**DATA FOR THE TASK:**

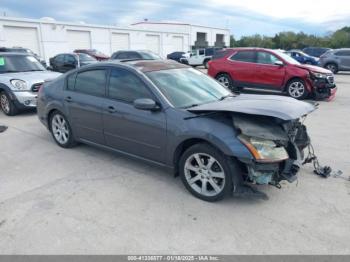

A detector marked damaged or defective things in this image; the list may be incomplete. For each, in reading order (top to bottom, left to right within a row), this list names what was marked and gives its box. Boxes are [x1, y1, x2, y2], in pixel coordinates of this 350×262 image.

damaged gray sedan [37, 60, 316, 202]
crushed front end [234, 113, 310, 187]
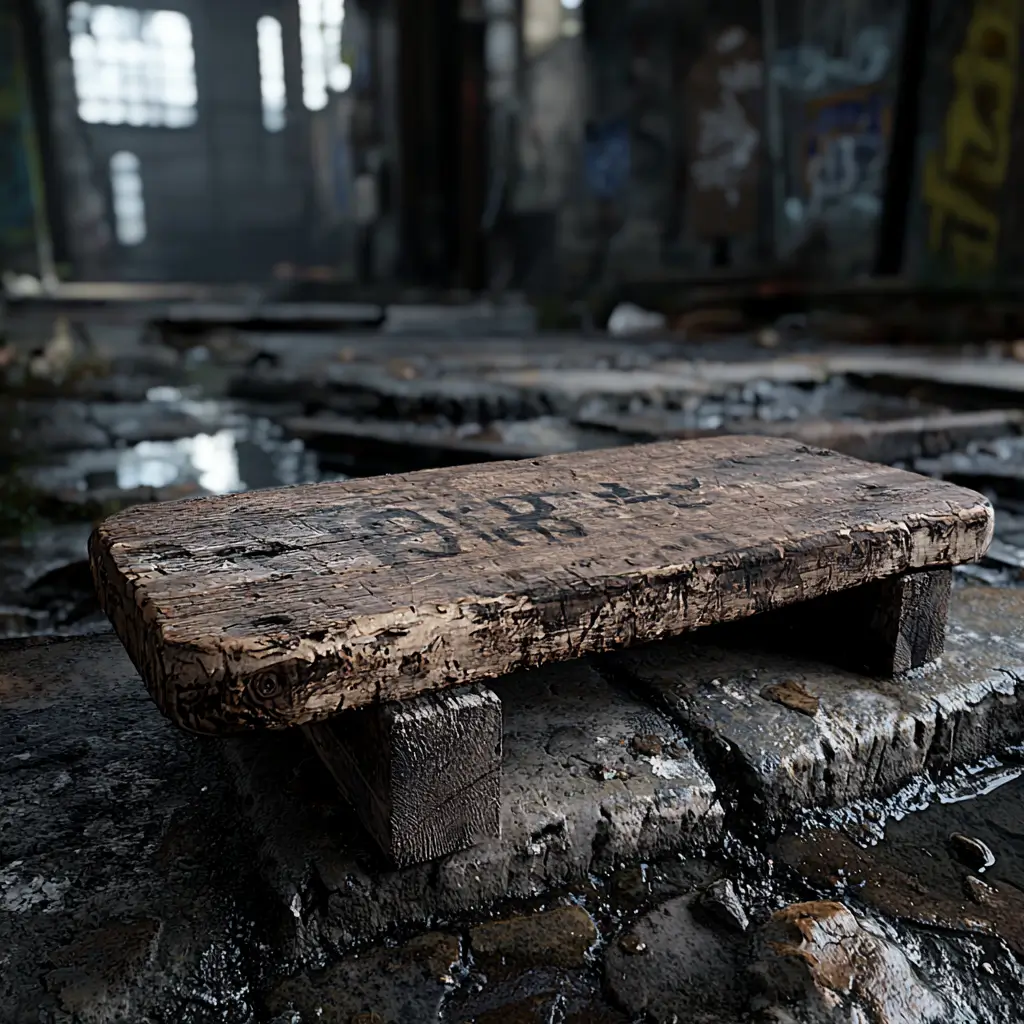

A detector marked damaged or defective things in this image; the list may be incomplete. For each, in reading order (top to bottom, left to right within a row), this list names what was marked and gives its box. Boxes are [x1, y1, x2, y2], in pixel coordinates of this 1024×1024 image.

broken window pane [68, 3, 197, 128]
broken concrete block [224, 663, 720, 950]
cracked concrete slab [221, 663, 724, 950]
broken concrete block [606, 585, 1024, 815]
cracked concrete slab [610, 585, 1024, 815]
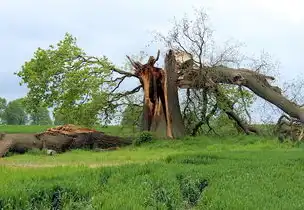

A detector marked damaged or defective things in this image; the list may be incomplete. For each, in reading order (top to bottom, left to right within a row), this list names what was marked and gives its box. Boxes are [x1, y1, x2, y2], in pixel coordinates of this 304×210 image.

**TASK:** Each entry above should be reproduced exactly, with the pictures removed.

**OUTPUT OF THE TASK:**
A detector marked damaged or defective things in this image; the list may be incomplete. For each, in reading order (top to bottom, left to right within a row), this list names what was marked and gives its box. Boxes are [x1, y1, x2, y2], in pixel coordinates of this 350×262 image.

damaged gray sedan [37, 60, 316, 202]
crushed front end [234, 113, 310, 187]

A detector marked damaged or defective things in this image; the list may be incomplete. For each, in reading order (top to bottom, left to right within a row), this list names what was marked and gives its box. Boxes are [x1, y1, x2, y2], in pixel coordinates of this 1024×1024 image.

broken window pane [68, 3, 197, 128]
broken concrete block [224, 663, 720, 950]
cracked concrete slab [221, 663, 724, 950]
broken concrete block [606, 585, 1024, 815]
cracked concrete slab [610, 585, 1024, 815]

A detector marked damaged or defective things in this image; the list may be incomplete. For each, in reading order (top to bottom, left to right within a row), this list names what was marked and gives its box. Boxes are [x1, y1, x2, y2], in pixel coordinates of this 304×210 image.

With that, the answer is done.